The summer that I was five years old, my brothers went to sleep-away camp. My mother, worried that I would be lonely, got me a guinea pig. His name was Chester and he had belonged to a family who no longer wanted him. He was full-grown and a chestnut brown and I thought him the most beautiful animal in the world. I didn’t miss my brothers at all. A few weeks later, when told that my brothers would be coming home soon, I howled and cried, thinking that their return meant that I had to give Chester back. Given a choice between siblings and Chester, I much preferred the piggy. As it turned out, I got to have both.
Chester lived in a plastic baby bathtub in my room that was layered with newspaper and bedded with hay. Hay at the pet store was expensive so we went to a feed store. It was an old building next to a railroad track. I was allowed to go into the loft and fill a paper bag with loose hay and it didn’t cost a thing.
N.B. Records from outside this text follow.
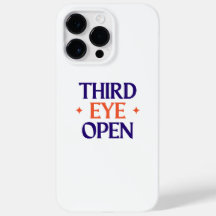 Troisième oeil Open -iPhone 14 pro max coque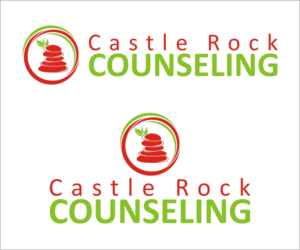 Logo Design by Rox Art Design for Castle Rock Counseling, LLC | Design: #8475926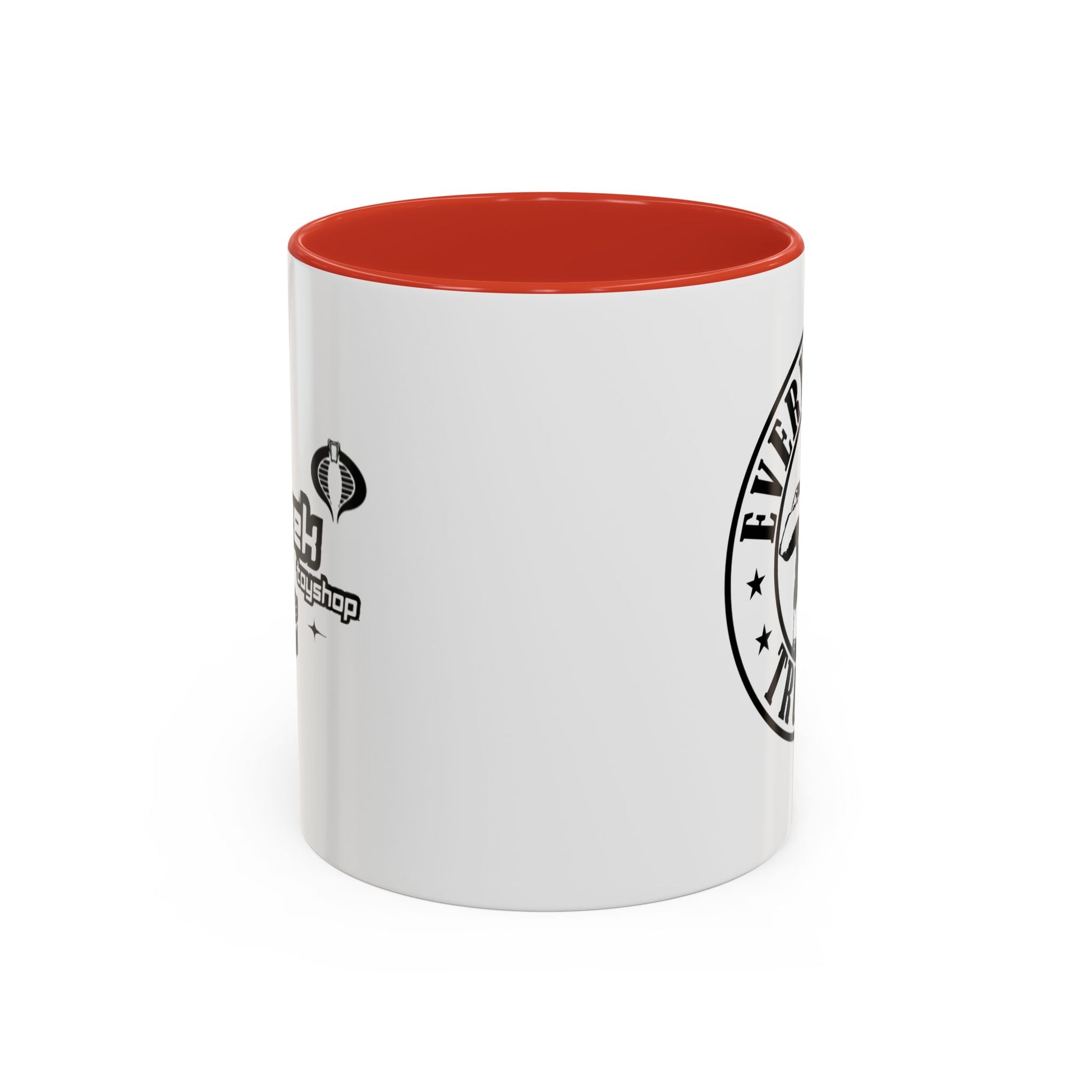 The Goonies Truffle Shuffle Coffee Mug | 11oz Two-Tone Ceramic Mug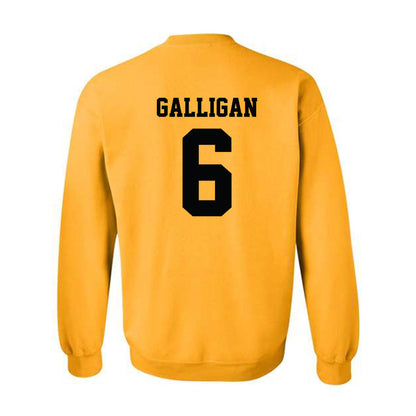 Wichita State - NCAA Women's Volleyball : Katie Galligan - Classic Shersey Crewneck Sweatshirt-1
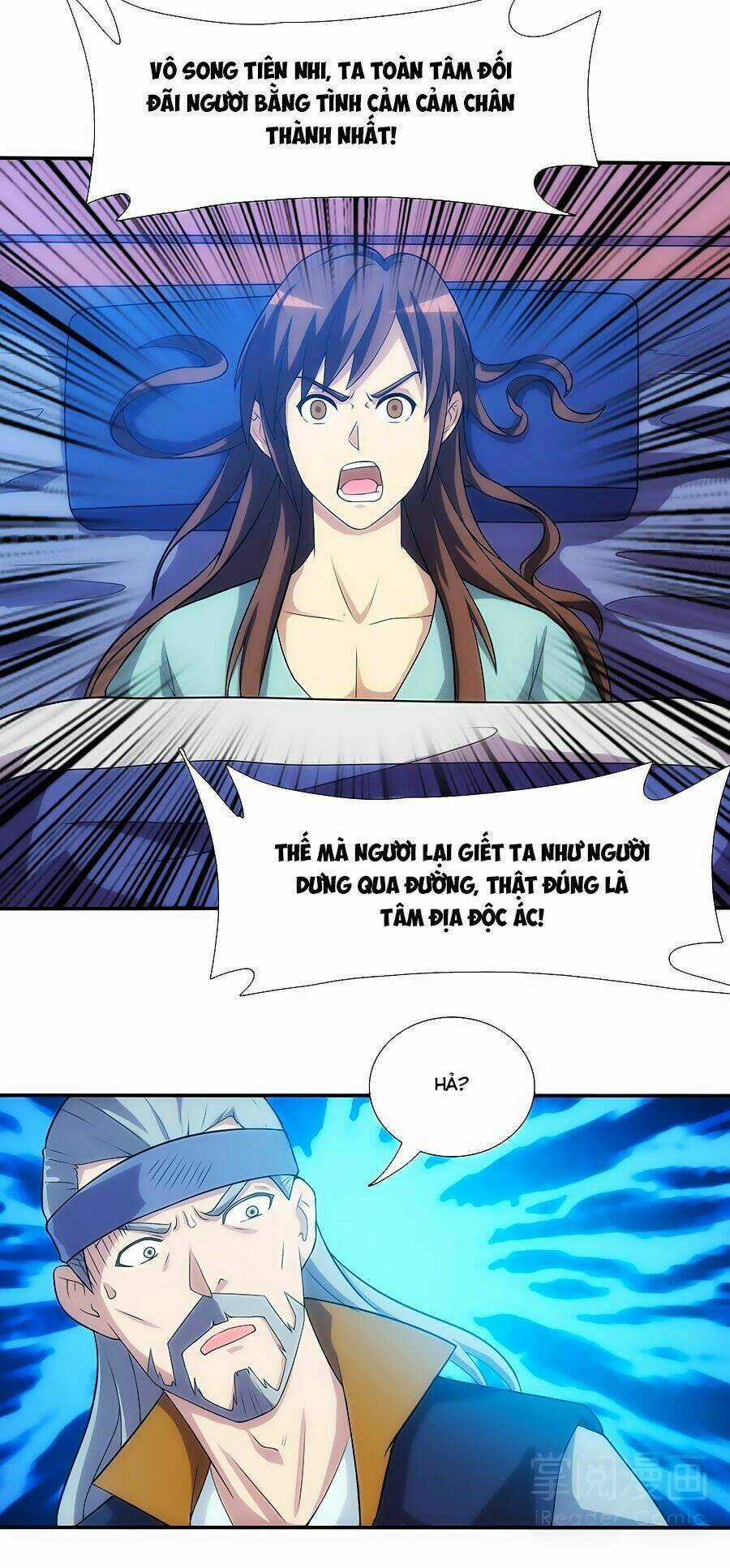 Tuyệt Thế Kiếm Thần Chapter 1 trang 14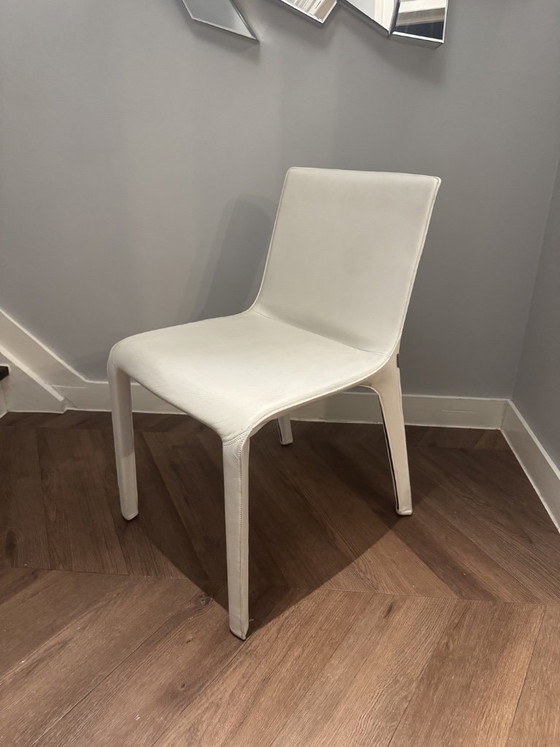 Image 1 of 8x Walter Knoll 'Gio' stoelen (np. €1550/stuk)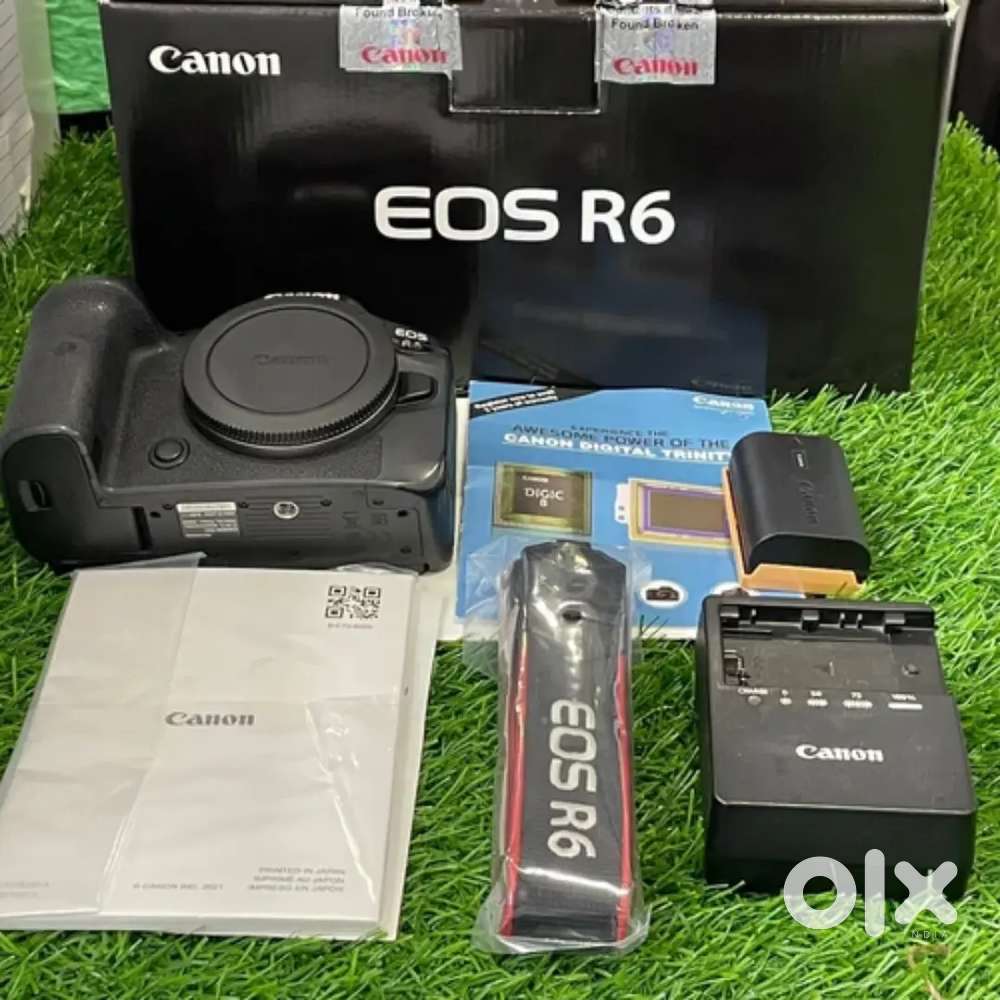 Canon R6 Camera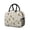 Bigfoot and Baby, variant on Bigfoot and Yeti Green Pattern Insulated Leakproof Lunch Box for Work, Lunch Bag for Women Men, Loncheras Para Mujer for Beach Travel Picnic Camping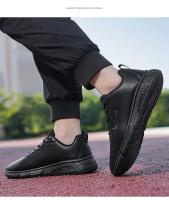 Zapatos informales de primavera para hombre, zapatos deportivos para exteriores, calzado para correr para hombre, suela gruesa con cordones, zapatos masculinos salientes, zapatillas de deporte de nueva edición 2024 - details 17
I remember the slants of light on the wooden floor, the quiet, and the green of the bales, a color unique to hay. It was timothy, and I recall it’s ticklish feel. Mostly, though, I remember the smell. There is nothing like the smell of hay. It speaks of meadows and grazing animals, and of animals closed up in fragrant barns in winter. Later in my life, I would know what it was like to throw bales into a moving wagon, and the itchiness of sweat mixed with hay dust after a long day of working on a farm. I’d know about waking at five am to feed a barn full of hungry horses, and of opening bale after bale and tossing flakes to the animals. But, even at the age of seven, before I’d experienced any of that, the hay spoke of it, and I knew.
I bought hay for the goats today.
I bought two bales. I could buy more and have it delivered, but it makes me happy to go to Erikson Grain. The guy who loaded my car asked, a bit incredulous, “in here?” I drive a BMW. “Yes,” I said. The BMW smells just right now.